A field system to deliver desired O-3 concentrations in leaf-level gas exchange measurements: Results for Holm oak near a CO2 spring

Conventional gas exchange systems adsorb ozone (O-3) despite attempts to saturate the system prior to measurements. A steady-state, open photosynthetic system was designed and used in the field to supply a small leaf cuvette with conditioned air stream (growth CO2 concentrations, humidified, cooled) and augmented with either background or elevated O-3. Two innovations led to success: 1) supplying the cuvette with cooled air instead of Peltier cooling within the cuvette; and 2) using a custom-designed, low flow (capable of 100 seem), fast response (20 S) O-3 monitor.

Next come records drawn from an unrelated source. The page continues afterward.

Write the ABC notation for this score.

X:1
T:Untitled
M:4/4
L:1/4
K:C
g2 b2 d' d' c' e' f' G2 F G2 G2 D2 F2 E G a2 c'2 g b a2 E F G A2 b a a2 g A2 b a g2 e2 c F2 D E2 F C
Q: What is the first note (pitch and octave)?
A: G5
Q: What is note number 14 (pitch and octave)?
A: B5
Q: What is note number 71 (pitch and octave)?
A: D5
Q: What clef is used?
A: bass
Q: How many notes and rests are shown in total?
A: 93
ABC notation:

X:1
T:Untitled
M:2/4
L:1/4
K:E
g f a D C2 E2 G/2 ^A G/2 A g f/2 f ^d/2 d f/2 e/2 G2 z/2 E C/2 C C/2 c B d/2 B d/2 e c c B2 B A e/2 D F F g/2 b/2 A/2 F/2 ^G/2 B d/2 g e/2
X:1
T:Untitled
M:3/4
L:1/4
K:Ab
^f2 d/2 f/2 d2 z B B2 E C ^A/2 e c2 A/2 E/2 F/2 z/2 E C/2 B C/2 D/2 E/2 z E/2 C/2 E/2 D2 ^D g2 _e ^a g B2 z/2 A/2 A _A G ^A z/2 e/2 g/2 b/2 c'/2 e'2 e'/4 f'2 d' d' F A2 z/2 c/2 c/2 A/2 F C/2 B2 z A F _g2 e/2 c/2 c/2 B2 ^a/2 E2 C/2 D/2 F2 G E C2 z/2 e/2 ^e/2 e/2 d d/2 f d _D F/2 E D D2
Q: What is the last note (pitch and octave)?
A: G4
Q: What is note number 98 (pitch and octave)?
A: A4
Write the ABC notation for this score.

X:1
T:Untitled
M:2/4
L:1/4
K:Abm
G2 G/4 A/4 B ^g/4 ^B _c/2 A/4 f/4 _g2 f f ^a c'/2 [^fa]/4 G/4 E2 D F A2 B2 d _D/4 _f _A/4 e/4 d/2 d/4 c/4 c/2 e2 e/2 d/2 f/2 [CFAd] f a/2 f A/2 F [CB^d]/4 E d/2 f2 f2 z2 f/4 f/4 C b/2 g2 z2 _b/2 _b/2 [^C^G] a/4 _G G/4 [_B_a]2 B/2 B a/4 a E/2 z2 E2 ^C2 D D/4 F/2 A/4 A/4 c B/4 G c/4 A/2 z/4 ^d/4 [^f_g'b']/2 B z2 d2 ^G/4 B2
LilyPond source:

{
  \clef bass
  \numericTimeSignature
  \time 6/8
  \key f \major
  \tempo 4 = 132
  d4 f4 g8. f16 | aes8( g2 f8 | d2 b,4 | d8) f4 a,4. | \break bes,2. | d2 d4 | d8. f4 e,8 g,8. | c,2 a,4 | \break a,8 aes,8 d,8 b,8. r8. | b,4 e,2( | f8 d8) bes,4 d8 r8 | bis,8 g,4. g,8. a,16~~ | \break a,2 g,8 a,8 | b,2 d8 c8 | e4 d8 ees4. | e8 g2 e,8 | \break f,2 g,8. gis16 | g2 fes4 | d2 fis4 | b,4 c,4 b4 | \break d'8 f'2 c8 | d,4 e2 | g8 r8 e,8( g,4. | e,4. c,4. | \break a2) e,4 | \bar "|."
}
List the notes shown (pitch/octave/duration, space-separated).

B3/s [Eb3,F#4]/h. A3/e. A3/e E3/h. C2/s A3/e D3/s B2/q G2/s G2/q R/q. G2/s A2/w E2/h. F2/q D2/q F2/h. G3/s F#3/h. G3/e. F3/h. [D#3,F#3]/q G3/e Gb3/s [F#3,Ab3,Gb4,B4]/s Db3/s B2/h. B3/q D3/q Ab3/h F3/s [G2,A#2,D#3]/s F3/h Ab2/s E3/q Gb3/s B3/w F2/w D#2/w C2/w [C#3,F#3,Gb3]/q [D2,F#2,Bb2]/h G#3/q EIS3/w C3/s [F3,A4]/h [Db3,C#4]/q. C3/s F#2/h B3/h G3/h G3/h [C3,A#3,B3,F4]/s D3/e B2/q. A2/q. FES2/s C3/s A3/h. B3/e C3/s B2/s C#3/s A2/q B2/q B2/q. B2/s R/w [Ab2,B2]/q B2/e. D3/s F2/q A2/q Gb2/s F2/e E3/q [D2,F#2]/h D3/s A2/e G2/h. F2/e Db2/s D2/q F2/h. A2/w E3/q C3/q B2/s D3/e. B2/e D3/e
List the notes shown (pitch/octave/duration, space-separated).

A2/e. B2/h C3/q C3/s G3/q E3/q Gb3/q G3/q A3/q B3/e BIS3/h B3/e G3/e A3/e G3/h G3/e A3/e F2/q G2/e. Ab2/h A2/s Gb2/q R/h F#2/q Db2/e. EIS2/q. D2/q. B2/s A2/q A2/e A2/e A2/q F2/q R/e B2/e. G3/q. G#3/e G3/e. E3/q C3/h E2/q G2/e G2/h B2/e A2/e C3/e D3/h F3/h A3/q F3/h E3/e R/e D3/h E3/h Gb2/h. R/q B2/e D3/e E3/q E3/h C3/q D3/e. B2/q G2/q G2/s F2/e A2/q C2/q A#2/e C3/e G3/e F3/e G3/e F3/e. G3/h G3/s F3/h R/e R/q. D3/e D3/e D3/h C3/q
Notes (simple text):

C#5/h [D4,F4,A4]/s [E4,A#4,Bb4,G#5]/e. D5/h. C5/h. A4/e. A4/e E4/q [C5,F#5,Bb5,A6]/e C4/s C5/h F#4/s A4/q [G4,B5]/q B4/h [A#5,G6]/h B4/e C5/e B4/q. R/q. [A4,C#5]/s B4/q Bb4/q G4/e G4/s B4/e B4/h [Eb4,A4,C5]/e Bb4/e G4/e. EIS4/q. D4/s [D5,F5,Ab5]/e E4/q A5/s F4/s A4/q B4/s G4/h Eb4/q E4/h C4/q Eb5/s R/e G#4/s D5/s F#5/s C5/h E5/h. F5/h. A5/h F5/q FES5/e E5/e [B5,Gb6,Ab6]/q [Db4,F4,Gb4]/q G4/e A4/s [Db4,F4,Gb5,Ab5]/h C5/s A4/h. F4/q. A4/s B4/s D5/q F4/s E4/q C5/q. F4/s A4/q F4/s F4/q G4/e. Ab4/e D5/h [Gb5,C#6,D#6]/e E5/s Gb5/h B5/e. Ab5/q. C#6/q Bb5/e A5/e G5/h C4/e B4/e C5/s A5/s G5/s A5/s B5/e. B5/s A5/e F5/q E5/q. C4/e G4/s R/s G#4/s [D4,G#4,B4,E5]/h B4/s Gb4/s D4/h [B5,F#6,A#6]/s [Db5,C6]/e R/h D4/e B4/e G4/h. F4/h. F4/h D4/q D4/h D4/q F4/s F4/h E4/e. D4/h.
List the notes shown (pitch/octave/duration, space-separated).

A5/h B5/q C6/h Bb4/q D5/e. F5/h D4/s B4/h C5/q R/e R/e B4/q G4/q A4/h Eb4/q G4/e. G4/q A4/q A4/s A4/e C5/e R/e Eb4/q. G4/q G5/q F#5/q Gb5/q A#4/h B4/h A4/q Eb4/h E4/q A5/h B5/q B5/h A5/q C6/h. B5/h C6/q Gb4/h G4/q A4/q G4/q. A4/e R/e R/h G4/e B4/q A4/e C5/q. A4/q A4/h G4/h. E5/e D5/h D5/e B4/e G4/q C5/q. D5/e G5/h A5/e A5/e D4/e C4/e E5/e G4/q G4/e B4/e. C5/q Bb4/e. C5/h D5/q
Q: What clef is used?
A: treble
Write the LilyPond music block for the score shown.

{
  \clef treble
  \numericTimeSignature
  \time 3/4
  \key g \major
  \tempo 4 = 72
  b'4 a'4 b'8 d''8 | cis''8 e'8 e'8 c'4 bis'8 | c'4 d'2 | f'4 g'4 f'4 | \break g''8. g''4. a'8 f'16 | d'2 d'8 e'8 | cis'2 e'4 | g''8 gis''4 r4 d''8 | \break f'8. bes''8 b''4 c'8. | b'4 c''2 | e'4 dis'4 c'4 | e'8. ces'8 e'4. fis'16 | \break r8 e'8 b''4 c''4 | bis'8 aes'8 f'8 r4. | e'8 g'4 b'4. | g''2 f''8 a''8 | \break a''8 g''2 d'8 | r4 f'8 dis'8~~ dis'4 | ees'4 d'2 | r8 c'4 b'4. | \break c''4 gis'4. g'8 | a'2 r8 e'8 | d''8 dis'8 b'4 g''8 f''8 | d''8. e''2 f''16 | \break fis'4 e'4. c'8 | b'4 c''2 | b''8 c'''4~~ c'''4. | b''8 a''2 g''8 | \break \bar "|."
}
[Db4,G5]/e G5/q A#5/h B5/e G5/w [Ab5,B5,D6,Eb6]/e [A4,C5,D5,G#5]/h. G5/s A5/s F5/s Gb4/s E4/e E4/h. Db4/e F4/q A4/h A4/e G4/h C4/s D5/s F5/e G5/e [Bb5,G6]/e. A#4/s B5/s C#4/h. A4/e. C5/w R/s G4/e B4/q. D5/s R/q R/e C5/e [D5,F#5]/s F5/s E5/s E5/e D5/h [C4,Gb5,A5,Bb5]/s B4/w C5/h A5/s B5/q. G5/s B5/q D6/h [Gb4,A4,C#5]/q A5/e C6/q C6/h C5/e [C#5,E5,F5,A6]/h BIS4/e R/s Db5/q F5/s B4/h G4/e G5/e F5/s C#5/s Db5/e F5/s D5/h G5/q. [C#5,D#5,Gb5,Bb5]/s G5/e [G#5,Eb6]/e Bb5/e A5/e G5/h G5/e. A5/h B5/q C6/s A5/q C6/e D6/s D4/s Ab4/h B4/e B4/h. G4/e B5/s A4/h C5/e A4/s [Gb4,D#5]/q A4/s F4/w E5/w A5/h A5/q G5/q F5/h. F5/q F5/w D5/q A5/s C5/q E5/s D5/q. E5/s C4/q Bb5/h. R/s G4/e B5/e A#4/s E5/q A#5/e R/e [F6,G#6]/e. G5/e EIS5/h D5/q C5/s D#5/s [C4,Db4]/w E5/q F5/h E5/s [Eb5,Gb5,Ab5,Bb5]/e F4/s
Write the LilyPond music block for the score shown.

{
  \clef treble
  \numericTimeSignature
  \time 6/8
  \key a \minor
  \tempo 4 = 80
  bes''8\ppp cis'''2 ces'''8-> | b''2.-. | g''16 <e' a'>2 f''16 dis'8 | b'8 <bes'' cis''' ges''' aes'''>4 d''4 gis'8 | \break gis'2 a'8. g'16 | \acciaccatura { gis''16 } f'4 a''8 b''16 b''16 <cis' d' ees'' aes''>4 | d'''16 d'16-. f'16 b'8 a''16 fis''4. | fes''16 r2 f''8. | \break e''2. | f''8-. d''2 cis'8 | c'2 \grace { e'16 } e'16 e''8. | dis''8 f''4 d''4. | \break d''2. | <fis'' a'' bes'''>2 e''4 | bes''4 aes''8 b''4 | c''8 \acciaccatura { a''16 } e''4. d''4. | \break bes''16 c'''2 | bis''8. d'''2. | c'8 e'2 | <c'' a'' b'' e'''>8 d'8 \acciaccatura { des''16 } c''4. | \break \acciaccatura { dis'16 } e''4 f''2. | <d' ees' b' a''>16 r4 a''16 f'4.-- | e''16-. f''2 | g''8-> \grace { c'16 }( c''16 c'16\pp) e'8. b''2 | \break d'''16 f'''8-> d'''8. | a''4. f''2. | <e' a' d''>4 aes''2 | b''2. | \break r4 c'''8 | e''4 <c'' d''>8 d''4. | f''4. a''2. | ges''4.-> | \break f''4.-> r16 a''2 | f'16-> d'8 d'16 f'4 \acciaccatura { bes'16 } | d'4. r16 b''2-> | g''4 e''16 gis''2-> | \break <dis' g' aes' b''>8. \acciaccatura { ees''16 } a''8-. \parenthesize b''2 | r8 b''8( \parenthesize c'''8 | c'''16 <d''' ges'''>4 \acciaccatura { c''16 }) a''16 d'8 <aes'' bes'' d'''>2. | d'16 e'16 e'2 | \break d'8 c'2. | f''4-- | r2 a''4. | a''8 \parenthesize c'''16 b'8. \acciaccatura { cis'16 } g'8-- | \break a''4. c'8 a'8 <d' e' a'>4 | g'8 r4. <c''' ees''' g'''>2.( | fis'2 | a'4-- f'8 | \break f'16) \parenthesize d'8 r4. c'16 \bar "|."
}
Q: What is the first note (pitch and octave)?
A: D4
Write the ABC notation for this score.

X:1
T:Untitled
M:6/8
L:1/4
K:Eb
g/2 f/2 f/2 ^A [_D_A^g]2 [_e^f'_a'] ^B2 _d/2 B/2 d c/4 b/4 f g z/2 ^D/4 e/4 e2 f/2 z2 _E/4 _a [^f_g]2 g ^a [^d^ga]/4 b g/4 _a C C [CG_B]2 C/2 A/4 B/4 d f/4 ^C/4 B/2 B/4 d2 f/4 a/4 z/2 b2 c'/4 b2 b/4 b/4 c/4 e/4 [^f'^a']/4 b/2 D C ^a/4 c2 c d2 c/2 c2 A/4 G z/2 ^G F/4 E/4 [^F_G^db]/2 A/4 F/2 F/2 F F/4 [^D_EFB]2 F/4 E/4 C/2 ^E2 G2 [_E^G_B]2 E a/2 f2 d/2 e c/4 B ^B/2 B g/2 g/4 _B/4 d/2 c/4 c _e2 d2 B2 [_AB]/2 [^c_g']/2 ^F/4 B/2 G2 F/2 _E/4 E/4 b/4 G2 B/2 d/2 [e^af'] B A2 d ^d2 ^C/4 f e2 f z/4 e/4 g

We tested whether elevated CO2 would alter stomatal response to short term, steady state elevated O-3. Holm oak (Quercus ilex L., Fagaceae), an evergreen broadleaf tree growing near a geothermal CO2 vent, has been exposed over its lifetime to a gradient of CO2 concentrations. We chose trees in areas averaging 450 mu l 1(-1) (low background CO2) and 1500 mu l 1(-1) (super-elevated CO2). Background O-3 exposure at this site is moderate (10 am to 5 pm averages of 62 nl 1(-1) in June). We measured gas exchange at the growth CO2 levels, and at ambient O-3 or 1.7x ambient O-3 concentrations. At low background CO2, short term elevated O-3 depressed foliar transpiration. Because there was little concurrent change in net assimilation, instantaneous transpiration efficiency was increased. At super-elevated CO2, short term elevated O-3 did not affect foliar transpiration. Because there was a concurrent decrease in net assimilation, instantaneous transpiration efficiency was decreased at elevated CO2 and O-3.